Stuart’s Tim Peacock argued that the 5 percent tax could equate to fewer visitors coming to Nelsonville.

“It has been suggested that the 5 percent fee is passed on to our customers, this still equates to raising our prices,” Peacock said. “Every time you have to raise the price on a product, be it a ticket, a boot, a haircut, or a hamburger, you will likely sell less of said product. We work extremely hard to keep our ticket prices as low as possible so we can serve as many people as possible. We understand that the more people come to town, the more money is spent in town. Every increase in prices results in fewer tickets sold.”

Paige Alost, executive director of the Athens County Convention and Visitor’s Bureau, told The NEWS this week that while 63 other municipalities in Ohio have similar admissions taxes, only 16 of those have a tax rate that’s 5 percent or higher. She said she’s “concerned” about how the admissions tax will affect her organization’s various “partners” who do a “tremendous amount of fundraising” in Nelsonville.

Alost noted that the majority of these admissions taxes levied across the state contain exemptions for non-profit, religious, veteran support or charitable organizations.
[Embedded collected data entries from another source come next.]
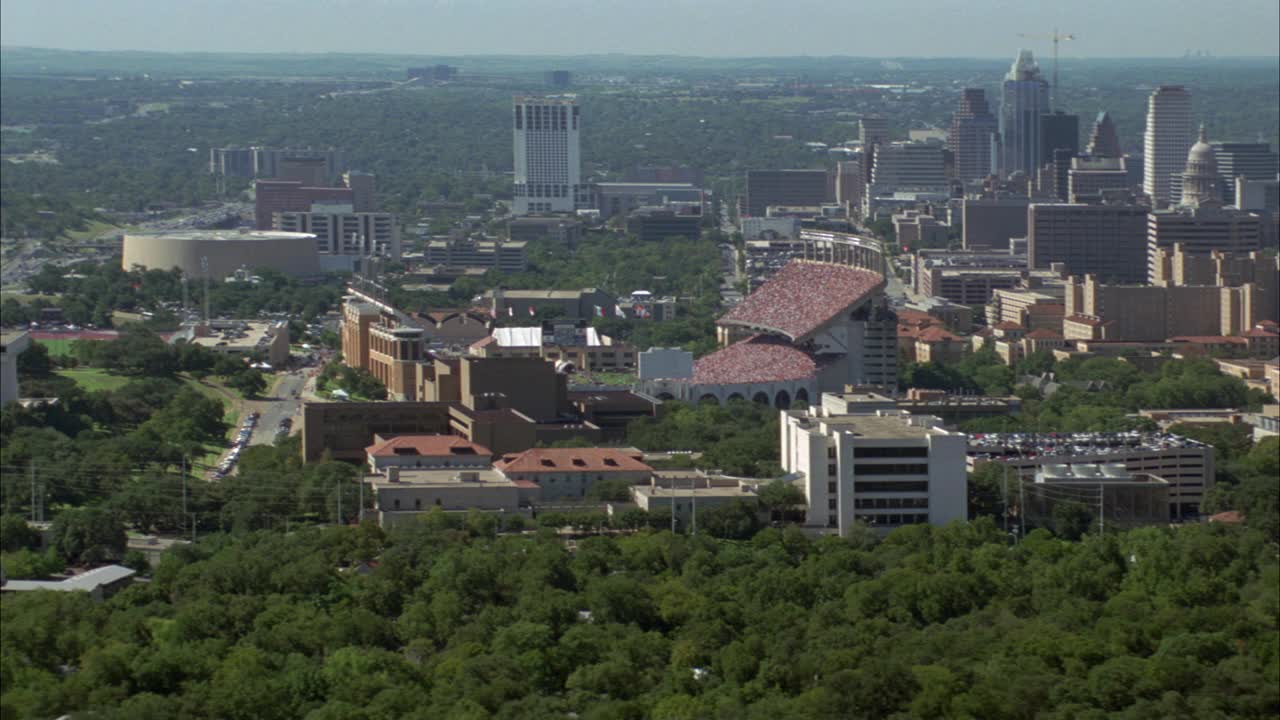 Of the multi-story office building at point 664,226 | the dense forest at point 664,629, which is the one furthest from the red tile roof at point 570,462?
the multi-story office building at point 664,226

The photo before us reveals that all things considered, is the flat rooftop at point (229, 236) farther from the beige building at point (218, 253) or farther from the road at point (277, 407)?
the road at point (277, 407)

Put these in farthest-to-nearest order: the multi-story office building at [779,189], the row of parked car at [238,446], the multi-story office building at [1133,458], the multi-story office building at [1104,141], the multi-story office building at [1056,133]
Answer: the multi-story office building at [1056,133] → the multi-story office building at [1104,141] → the multi-story office building at [779,189] → the row of parked car at [238,446] → the multi-story office building at [1133,458]

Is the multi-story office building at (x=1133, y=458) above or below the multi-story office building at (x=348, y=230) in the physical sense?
above

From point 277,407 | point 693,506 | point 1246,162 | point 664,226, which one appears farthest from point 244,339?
point 1246,162

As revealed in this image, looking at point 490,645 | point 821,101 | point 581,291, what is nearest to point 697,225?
point 581,291

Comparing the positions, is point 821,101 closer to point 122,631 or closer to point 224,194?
point 224,194

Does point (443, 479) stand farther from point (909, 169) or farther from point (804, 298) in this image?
point (909, 169) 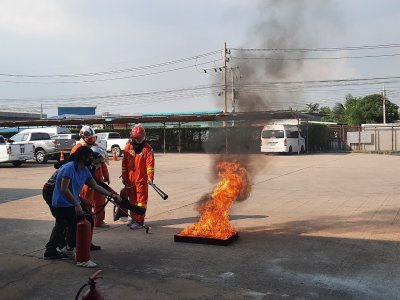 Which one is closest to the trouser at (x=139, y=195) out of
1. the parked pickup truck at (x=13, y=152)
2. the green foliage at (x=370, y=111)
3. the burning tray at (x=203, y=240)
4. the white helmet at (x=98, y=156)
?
the white helmet at (x=98, y=156)

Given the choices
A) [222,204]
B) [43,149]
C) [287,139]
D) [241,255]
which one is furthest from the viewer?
[287,139]

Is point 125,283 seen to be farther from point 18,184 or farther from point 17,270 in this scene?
point 18,184

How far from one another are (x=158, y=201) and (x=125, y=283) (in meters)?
5.94

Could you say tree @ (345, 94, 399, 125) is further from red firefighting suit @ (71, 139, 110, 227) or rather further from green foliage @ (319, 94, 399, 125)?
red firefighting suit @ (71, 139, 110, 227)

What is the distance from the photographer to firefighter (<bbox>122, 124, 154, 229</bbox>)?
7.47 m

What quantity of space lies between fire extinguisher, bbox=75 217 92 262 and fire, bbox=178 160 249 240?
1710 mm

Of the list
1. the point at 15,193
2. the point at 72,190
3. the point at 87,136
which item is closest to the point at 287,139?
the point at 15,193

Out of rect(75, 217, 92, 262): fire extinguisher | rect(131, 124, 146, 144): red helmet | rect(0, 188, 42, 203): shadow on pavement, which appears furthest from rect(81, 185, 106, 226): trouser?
rect(0, 188, 42, 203): shadow on pavement

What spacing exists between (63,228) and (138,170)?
1996 millimetres

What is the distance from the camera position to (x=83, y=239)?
5387mm

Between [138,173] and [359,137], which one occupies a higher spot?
[359,137]

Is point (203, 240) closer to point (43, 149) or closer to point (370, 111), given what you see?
point (43, 149)

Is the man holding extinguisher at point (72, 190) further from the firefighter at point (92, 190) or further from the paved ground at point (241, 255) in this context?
the firefighter at point (92, 190)

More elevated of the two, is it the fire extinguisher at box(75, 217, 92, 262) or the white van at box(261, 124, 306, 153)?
the white van at box(261, 124, 306, 153) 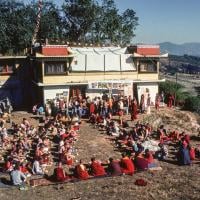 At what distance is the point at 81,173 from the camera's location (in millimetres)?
26188

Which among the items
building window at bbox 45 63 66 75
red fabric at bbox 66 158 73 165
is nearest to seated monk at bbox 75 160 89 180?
red fabric at bbox 66 158 73 165

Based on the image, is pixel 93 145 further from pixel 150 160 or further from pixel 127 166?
pixel 127 166

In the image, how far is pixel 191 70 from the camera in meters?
132

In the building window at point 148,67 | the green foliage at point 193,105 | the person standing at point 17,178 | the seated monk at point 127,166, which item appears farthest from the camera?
the green foliage at point 193,105

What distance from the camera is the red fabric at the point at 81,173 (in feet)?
85.8

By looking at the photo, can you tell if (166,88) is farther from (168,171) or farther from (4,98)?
(168,171)

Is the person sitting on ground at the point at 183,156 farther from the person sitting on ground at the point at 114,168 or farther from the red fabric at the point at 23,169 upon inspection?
the red fabric at the point at 23,169

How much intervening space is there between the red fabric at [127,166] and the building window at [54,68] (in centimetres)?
1582

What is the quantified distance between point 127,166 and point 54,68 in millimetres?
16350

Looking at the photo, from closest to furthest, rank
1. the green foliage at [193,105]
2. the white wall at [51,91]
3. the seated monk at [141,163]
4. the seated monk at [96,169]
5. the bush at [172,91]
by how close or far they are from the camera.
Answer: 1. the seated monk at [96,169]
2. the seated monk at [141,163]
3. the white wall at [51,91]
4. the green foliage at [193,105]
5. the bush at [172,91]

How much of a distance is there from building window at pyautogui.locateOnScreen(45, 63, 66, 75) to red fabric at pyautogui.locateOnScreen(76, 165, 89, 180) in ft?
52.8

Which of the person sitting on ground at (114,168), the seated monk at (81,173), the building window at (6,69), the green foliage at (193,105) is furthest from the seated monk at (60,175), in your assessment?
the green foliage at (193,105)

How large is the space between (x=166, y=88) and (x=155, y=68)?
6851 millimetres

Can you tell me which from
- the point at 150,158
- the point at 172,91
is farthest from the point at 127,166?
the point at 172,91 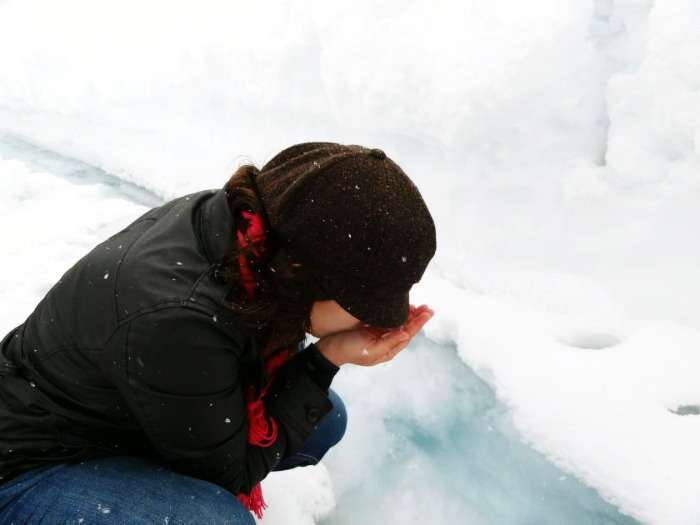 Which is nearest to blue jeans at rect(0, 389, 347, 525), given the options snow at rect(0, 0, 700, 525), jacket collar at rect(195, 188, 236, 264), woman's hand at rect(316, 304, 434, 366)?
A: woman's hand at rect(316, 304, 434, 366)

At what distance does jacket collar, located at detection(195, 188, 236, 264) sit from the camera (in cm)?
105

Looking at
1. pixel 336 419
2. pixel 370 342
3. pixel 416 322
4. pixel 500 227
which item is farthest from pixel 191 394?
pixel 500 227

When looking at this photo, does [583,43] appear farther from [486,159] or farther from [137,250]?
[137,250]

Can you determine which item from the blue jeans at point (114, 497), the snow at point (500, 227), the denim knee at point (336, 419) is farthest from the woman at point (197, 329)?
the snow at point (500, 227)

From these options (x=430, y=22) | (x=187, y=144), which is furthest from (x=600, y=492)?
(x=187, y=144)

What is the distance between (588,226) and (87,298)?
2.40 m

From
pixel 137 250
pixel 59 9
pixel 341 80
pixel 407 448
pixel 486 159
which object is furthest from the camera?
pixel 59 9

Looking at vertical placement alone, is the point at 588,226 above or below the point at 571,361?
above

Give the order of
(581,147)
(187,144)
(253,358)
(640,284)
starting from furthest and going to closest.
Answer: (187,144), (581,147), (640,284), (253,358)

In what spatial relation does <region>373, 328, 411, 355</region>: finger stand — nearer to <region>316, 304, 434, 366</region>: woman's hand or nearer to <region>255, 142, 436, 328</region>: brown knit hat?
<region>316, 304, 434, 366</region>: woman's hand

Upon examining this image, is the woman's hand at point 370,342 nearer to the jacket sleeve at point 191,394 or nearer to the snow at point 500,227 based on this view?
the jacket sleeve at point 191,394

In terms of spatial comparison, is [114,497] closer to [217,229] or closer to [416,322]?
[217,229]

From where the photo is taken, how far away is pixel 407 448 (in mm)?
2135

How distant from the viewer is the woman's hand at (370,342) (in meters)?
1.27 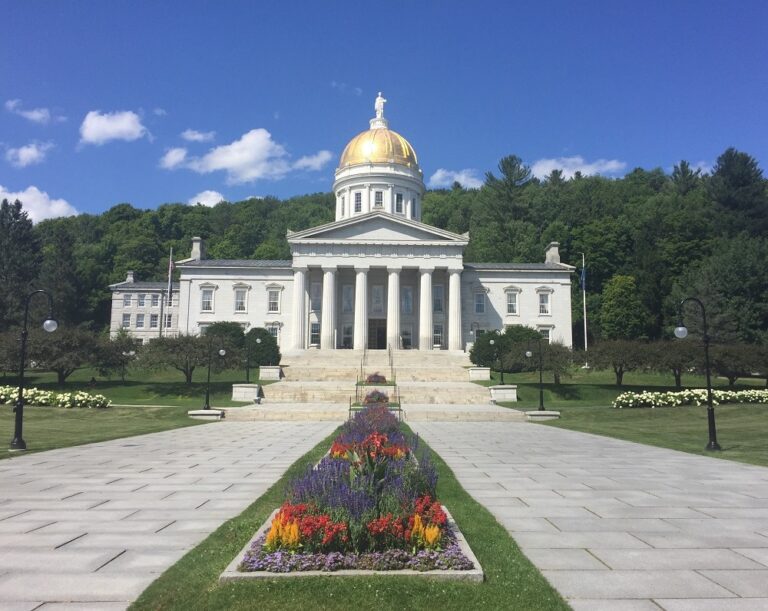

She also said nobody on City Council has been able to give her a straight answer on which organizations will be affected by the tax. 

Nelsonville’s tax has one passage that lists organizations exempt from the tax, which includes: 

• Any events that are “exclusively to the benefit of religious, educational or charitable institutions, societies or organizations, if no part of the net earnings thereof inures to the benefit of any private stockholder or individual.”

• Any events that exclusively benefit people in the U.S. military, Navy or National Guard.

• Any events that exclusively benefit the employees of a “municipal corporation,” or benefits the general revenue fund of a “municipal corporation.”

• Any wrestling matches, boxing or athletic game or exhibition, when the proceeds go to benefit a “high school, academy, preparatory school” or any college or university.

When asked the effect of the “charitable” organization exemption, Mash said Wednesday that he interpreted that as meaning that the proceeds from the event must solely go to benefit a charitable organization, such as the American Red Cross, for example.

“If no employees are being paid during the event, and if every bit goes to a charitable organization, then yeah, they won’t have to pay taxes on it (tickets),” Mash explained.

Dan Sherman, one of the City Council members who voted for the tax, said that he thinks the admissions tax is a good idea because “we can’t keep taxing our own people.”

“Nelsonville is not a very young area,” he explained. “A lot of people are on a fixed income, and we need money to fix the streets and to help support the city. I think if somebody is coming from out of town and they want to buy a train ticket online or whatever, 85 cents is not going to stop them from doing that.”

Sherman and Mash both added that people already currently pay Ticketmaster and other online ticket-sales company fees when they buy tickets to Nelsonville events online.

Alost said her organization is in favor of leveraging visitors to Athens County.

“But when you tell me that you’re either going to have to cut police and fire, or have to make visitors pay, that puts us between a rock and a hard place,” Alost said. “If we were in a community like Daytona Beach where the visitors have a huge impact on fire and safety services, that’d be one thing. I just don’t believe that the impact of our visitors there is (so great).”